Following Allied success in breaking the Nazi Enigma codes in the second world war, “signals intelligence” moved rapidly up the list of priorities for effective surveillance. Operations were consolidated in two new institutions: the National Security Agency (NSA) in the US in 1952, and the Government Communications Headquarters in Britain in 1946.

The GCHQ is at the heart of surveillance operations in the UK. Flickr/UK Defence Ministry, CC BY-SA

The internet greatly extended the options available for monitoring telecommunications traffic. As everyday exchange and interaction moves online, valuable information about users’ talk, habits, interests and social connections, which were previously labour-intensive to compile, has become available on tap.

Digital landlords and serfs

The principal initial beneficiaries of this expanding pool of personal data were the companies that came to dominate everyday internet use. These were Amazon (1994) in online retailing, Google and Yahoo (1995) in search and email, and Facebook (2004) in social networking. All adopted saturation surveillance as a business model, assembling detailed user profiles to craft more precisely targeted advertising appeals.

They also reserved the right to convert participants’ postings into intellectual property that they owned and controlled. They established themselves as digital landlords. Users were treated as digital serfs who relinquished all title to the value of their activity and labour in return for residence on one of the new virtual estates.

The rapid expansion of readily available digital data coincided with the growing security consensus that identifying threats required access to any and all information that might provide an early warning. As the files leaked by Edward Snowden make clear, the NSA was siphoning off huge amounts of user-generated data as it moved across the open internet. This concerted effort was codenamed PRISM – the Planning Tool for Resource Integration, Synchronisation and Management – a designation celebrating the convergence of security and marketing.

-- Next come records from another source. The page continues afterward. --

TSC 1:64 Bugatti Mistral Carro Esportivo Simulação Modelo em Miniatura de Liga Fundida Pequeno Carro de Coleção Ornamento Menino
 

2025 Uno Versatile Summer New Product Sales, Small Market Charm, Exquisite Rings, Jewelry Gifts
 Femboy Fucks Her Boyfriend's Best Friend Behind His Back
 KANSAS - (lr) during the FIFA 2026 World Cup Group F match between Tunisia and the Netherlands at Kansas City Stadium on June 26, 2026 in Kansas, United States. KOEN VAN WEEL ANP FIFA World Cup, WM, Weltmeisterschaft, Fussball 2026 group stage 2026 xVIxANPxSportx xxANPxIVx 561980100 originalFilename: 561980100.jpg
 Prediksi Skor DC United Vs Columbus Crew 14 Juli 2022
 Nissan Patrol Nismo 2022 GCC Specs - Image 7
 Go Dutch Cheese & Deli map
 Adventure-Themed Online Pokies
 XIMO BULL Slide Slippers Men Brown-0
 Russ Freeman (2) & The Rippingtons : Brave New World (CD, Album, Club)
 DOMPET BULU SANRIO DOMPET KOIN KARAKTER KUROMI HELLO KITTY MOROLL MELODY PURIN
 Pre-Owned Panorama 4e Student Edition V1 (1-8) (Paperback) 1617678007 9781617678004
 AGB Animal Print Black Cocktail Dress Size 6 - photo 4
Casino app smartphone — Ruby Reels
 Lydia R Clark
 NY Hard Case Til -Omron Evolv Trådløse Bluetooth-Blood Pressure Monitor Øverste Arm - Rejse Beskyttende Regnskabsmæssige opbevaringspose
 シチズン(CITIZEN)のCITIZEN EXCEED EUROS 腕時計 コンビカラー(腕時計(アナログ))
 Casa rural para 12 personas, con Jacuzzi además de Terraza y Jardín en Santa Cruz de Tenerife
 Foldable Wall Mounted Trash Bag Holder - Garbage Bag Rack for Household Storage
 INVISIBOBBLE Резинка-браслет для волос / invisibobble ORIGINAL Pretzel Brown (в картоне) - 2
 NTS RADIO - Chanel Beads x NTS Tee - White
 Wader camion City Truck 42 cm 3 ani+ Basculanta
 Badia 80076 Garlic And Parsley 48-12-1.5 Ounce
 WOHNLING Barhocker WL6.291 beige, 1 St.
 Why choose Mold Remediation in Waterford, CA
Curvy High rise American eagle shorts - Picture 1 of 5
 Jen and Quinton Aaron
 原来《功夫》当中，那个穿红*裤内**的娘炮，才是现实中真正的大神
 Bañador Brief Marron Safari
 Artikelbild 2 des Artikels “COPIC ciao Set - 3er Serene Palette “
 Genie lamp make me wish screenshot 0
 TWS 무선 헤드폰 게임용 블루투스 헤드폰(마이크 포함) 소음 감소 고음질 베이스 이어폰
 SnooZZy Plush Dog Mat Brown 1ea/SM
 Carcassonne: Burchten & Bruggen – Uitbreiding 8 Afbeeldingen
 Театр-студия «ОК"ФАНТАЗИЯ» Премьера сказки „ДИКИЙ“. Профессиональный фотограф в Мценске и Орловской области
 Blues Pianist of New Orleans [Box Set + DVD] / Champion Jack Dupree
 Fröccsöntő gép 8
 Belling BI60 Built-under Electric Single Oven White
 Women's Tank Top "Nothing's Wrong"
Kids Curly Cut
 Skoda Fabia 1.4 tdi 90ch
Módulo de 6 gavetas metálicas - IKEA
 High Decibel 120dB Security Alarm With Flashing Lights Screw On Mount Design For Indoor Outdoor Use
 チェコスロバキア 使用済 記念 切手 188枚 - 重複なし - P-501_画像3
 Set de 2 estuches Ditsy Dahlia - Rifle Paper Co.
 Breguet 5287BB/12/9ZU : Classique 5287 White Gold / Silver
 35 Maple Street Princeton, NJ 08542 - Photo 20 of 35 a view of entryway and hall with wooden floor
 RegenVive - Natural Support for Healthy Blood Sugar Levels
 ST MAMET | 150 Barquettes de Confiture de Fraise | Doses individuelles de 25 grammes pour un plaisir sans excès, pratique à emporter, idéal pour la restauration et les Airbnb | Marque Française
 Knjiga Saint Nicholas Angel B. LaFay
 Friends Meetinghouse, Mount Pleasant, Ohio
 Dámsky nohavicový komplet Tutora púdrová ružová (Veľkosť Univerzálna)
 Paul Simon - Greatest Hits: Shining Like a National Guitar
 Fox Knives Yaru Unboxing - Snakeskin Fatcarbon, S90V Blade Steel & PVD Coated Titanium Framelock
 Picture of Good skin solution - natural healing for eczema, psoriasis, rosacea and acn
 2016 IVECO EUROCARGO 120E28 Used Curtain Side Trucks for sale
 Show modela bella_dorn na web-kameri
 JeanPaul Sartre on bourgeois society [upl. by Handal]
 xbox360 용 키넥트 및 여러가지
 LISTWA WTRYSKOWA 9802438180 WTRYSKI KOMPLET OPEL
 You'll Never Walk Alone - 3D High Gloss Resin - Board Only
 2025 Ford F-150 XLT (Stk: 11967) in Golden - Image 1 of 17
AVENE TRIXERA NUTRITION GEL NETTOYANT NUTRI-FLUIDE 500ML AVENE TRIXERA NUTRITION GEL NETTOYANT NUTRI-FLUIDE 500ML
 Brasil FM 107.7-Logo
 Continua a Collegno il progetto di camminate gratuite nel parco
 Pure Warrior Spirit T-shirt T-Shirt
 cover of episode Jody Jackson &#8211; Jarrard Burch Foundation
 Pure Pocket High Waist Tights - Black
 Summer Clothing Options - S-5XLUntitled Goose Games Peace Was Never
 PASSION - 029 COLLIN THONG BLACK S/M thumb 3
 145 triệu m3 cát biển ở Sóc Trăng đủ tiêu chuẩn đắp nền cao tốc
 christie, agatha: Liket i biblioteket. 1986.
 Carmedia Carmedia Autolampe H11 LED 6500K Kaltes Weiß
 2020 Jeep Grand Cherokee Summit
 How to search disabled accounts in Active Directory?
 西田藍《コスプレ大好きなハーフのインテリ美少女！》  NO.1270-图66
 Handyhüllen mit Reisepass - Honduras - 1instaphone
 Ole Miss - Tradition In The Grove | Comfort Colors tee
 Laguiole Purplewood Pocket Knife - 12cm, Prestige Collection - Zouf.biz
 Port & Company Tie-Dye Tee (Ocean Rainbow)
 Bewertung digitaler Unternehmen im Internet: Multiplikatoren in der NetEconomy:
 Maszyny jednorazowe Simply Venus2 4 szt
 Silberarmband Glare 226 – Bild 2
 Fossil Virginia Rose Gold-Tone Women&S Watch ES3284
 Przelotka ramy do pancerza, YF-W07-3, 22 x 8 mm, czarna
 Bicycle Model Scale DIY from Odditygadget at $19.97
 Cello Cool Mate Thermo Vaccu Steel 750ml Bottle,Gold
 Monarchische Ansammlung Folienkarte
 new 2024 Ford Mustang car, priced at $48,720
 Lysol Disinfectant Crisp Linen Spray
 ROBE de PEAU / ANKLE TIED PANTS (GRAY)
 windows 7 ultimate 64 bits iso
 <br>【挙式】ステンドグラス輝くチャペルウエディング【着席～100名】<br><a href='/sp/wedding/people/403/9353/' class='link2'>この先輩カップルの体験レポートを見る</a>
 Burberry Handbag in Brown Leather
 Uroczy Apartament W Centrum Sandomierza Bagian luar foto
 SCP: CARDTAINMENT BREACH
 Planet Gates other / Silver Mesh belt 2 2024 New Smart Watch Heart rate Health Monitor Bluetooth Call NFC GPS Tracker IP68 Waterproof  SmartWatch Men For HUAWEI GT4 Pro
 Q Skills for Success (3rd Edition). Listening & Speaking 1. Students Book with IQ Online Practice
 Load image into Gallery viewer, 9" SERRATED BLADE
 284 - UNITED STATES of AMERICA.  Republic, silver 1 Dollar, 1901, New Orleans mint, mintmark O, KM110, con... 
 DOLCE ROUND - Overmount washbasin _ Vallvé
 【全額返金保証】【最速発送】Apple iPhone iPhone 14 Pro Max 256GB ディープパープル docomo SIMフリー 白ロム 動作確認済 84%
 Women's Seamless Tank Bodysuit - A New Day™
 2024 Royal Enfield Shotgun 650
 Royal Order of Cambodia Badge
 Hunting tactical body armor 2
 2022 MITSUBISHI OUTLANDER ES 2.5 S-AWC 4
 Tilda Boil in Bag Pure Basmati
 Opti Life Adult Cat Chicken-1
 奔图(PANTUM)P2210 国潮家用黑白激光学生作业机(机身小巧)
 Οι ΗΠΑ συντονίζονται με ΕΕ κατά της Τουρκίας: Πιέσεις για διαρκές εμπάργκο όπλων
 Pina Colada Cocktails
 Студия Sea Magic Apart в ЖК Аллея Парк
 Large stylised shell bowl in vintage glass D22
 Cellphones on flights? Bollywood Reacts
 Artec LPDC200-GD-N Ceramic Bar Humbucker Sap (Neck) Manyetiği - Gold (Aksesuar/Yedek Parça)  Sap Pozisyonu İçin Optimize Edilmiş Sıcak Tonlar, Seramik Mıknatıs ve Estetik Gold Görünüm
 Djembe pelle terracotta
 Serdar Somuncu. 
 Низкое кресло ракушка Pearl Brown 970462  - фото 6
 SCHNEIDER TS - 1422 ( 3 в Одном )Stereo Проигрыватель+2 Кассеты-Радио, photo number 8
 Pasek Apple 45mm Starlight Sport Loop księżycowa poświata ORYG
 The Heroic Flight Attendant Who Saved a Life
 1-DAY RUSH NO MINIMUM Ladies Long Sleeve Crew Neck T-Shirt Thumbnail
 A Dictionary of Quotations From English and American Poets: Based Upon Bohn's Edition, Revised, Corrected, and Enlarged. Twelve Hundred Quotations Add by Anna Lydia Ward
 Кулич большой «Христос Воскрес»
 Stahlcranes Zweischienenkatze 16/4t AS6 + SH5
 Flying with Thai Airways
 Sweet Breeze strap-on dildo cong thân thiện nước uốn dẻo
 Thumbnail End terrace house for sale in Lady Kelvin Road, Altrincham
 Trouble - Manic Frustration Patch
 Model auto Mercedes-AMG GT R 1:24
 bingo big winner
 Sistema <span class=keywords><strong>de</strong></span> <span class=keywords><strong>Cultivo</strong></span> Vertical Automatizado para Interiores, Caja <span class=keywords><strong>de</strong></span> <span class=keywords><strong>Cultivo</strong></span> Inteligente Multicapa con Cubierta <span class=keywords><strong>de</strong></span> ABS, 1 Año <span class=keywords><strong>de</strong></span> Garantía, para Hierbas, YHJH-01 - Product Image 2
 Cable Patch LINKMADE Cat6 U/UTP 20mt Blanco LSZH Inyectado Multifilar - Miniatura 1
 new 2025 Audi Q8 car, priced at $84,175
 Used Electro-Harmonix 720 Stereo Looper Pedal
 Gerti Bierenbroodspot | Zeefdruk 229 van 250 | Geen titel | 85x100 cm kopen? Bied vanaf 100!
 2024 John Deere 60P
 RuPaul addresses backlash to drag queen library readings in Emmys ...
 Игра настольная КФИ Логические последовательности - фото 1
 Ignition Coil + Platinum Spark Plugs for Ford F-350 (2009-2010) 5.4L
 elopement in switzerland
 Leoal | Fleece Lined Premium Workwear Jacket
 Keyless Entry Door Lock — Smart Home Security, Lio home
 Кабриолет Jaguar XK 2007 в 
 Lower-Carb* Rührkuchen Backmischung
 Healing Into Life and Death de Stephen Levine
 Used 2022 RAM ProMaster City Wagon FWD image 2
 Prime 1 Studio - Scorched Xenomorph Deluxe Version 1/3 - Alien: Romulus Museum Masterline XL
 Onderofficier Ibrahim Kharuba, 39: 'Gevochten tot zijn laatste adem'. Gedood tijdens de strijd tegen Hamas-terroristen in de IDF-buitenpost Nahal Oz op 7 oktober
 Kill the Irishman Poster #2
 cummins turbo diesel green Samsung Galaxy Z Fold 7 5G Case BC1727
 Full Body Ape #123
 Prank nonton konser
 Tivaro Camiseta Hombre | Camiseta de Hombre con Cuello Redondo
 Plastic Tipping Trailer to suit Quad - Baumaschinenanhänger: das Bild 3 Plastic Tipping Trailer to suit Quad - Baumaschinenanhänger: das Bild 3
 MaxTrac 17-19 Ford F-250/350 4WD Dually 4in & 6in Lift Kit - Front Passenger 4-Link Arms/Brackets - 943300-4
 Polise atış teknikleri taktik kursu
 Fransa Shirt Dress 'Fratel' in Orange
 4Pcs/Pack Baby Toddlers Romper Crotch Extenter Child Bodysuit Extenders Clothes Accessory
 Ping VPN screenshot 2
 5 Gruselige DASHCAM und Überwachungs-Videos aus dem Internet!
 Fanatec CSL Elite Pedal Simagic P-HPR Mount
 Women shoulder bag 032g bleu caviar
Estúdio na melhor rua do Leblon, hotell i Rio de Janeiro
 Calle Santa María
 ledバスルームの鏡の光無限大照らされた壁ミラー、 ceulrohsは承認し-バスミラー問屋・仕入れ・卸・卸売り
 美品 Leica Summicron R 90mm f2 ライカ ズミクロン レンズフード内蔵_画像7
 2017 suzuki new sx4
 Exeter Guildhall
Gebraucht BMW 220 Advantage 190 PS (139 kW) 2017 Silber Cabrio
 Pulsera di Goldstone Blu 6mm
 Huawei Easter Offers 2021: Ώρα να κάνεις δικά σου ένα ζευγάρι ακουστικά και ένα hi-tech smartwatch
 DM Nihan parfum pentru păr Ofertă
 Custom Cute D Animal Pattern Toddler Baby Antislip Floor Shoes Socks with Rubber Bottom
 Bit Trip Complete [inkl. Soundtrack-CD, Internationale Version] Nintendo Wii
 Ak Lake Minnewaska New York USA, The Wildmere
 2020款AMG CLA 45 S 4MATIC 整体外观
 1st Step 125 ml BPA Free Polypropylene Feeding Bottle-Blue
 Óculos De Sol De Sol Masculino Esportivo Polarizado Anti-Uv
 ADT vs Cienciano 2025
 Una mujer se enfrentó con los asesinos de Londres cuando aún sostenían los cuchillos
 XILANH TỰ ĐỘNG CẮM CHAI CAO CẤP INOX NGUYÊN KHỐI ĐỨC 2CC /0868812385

The exposure of mass surveillance has triggered protests by citizens alarmed at the growth of state power over their lives. Flickr/Stephen Melkisethian, CC BY-NC-ND

Reporting in 2014, the British Communications Commissioner, charged with ensuring that intercepts are appropriate and proportionate, put aside his qualms about the escalating number of requests. He concluded:

… the interception agencies do not engage in indiscriminate mass intrusion.

Two months later, mobile phone operator Vodafone revealed that secret wires attached to its networks allowed government agencies direct access to all conversations passing through them.

Just over a week later, the government’s top security official argued that since the sites involved were located outside UK individuals’ uses of Google, Facebook, Twitter and YouTube, they were classified as “external communications”. They therefore fell outside the scope of current legislation.

Digital citizenship centres on the commons

The saturation surveillance employed to assemble the new digital Domesday Books undermines the core principles on which citizenship is based. Its collection compromises personal liberties. By erecting categorical distinctions that assign stigma and guilt, its analysis undermines equality of treatment and corrodes the solidarities on which democracy ultimately rests.

Like the compilers of the original Domesday Book, its architects display no shame in doing this, or in returning citizens to the status of subjects. But the Domesday story also highlights the centrality of the commons in William’s England, and the vitality of a moral economy based on communal control of shared core resources.

Remembering this prompts us to see the battle for full digital citizenship not simply as a struggle to rein in the scope of state surveillance and transfer control over the uses of personal data from corporations to individuals. Instead, it is the latest stage in the struggle against commercial and governmental enclosure and for the commons.

Imagining how a digital commons might be organised and how we might move towards it is arguably the greatest conceptual and political challenge we face.